La sopravvivenza dopo 5 anni dalla diagnosi è del 68% per le neoplasie comuni e solo del 55% per quelle rare. La dr.ssa Annalisa Trama dell'Istituto Nazionale dei Tumori di Milano illustra tutte le iniziative a livello europeo: “In Italia, però, non è ancora operativa una Rete Nazionale per i tumori rari”
MILANO – Poco conosciuti e con una prognosi peggiore dei tumori comuni: sono i tumori rari, che rappresentano il 24% di tutti i nuovi casi di tumore e riguardano circa 5 milioni di persone nell'Unione Europea e 900mila in Italia.

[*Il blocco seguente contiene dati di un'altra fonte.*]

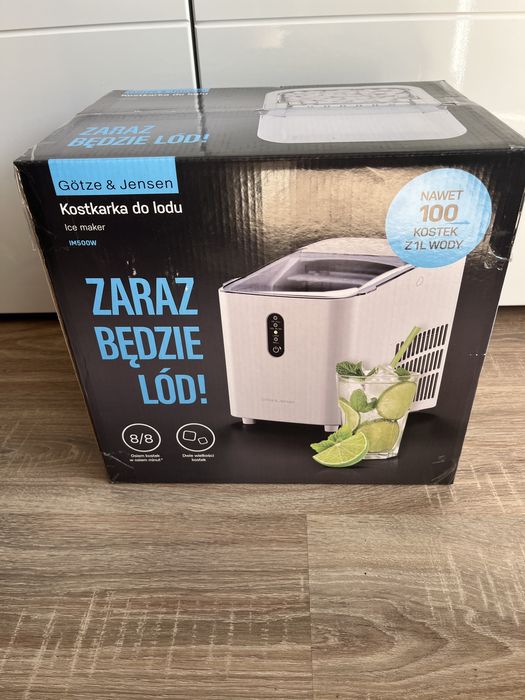 Kostkarka do lodów NOWA gotze & jensen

In tutto sono esattamente 198 (qui la lista), ma quali criteri sono stati adottati per considerarli rari? I tumori rari, infatti, sono a tutti gli effetti delle malattie rare, ma per definirli non si utilizza il criterio scelto dall'Unione Europea per queste patologie, ovvero una prevalenza inferiore ai 5 casi su 10.000 persone. Il criterio per identificare un tumore raro si basa invece sull'incidenza, e la soglia è di 6 casi su 100.000 nella popolazione europea.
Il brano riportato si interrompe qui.